[Given data Boundary: Start]

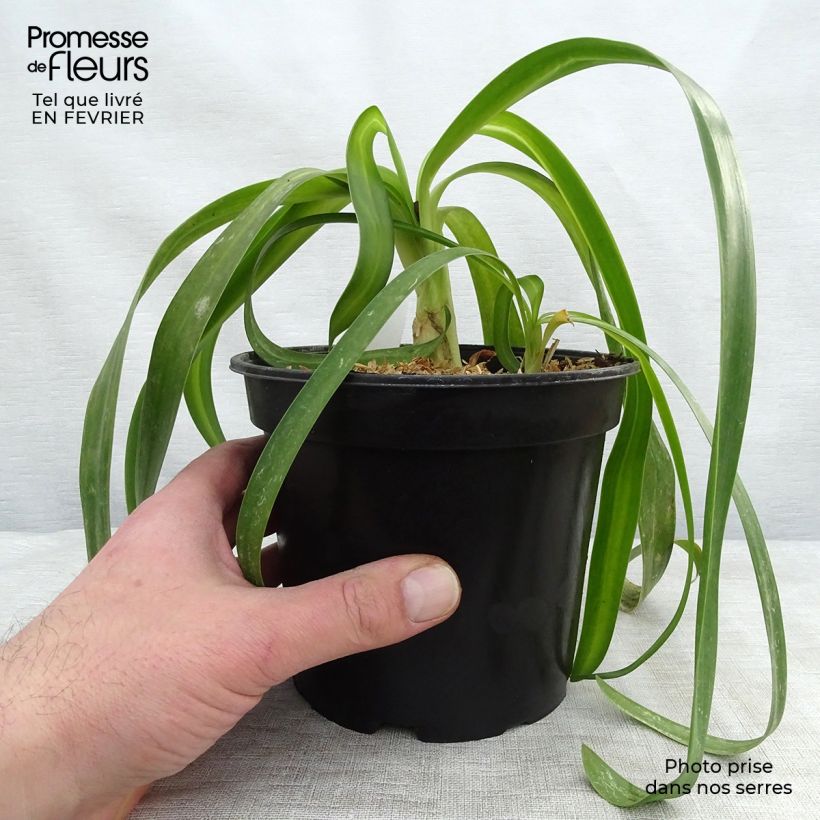 Spécimen de Agapanthe White Heaven Pot de 2L/3L tel que livré en hiver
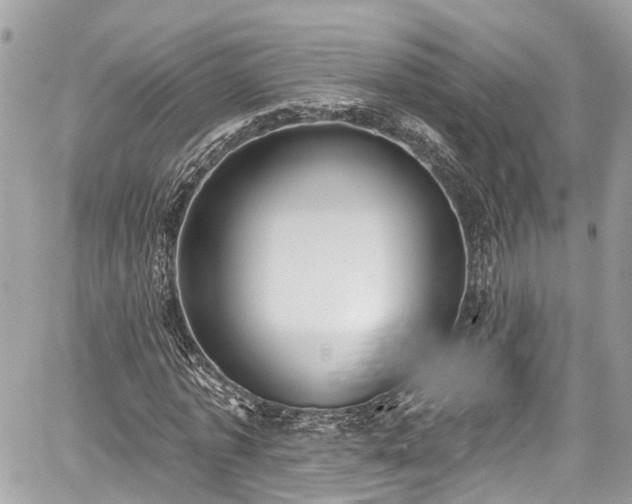 X0000059040773200510101009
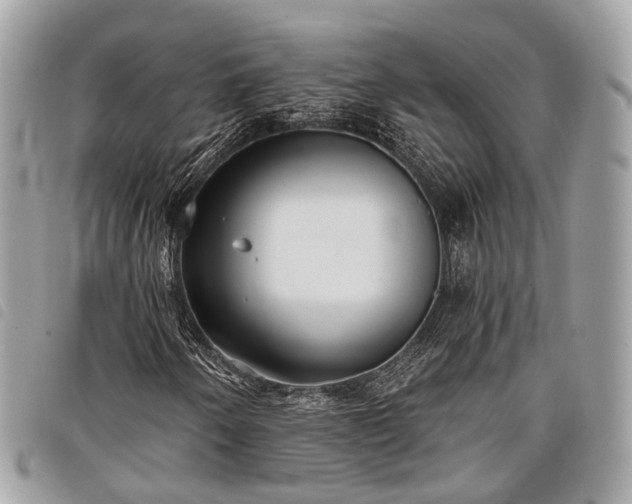 X0000098051250200804071459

[Given data Boundary: End]

_Task directions_: Every line of the material must be returned verbatim, and pictures must be left behind.

_Output of the exercise_:
 Spécimen de Agapanthe White Heaven Pot de 2L/3L tel que livré en hiver
 X0000059040773200510101009
 X0000098051250200804071459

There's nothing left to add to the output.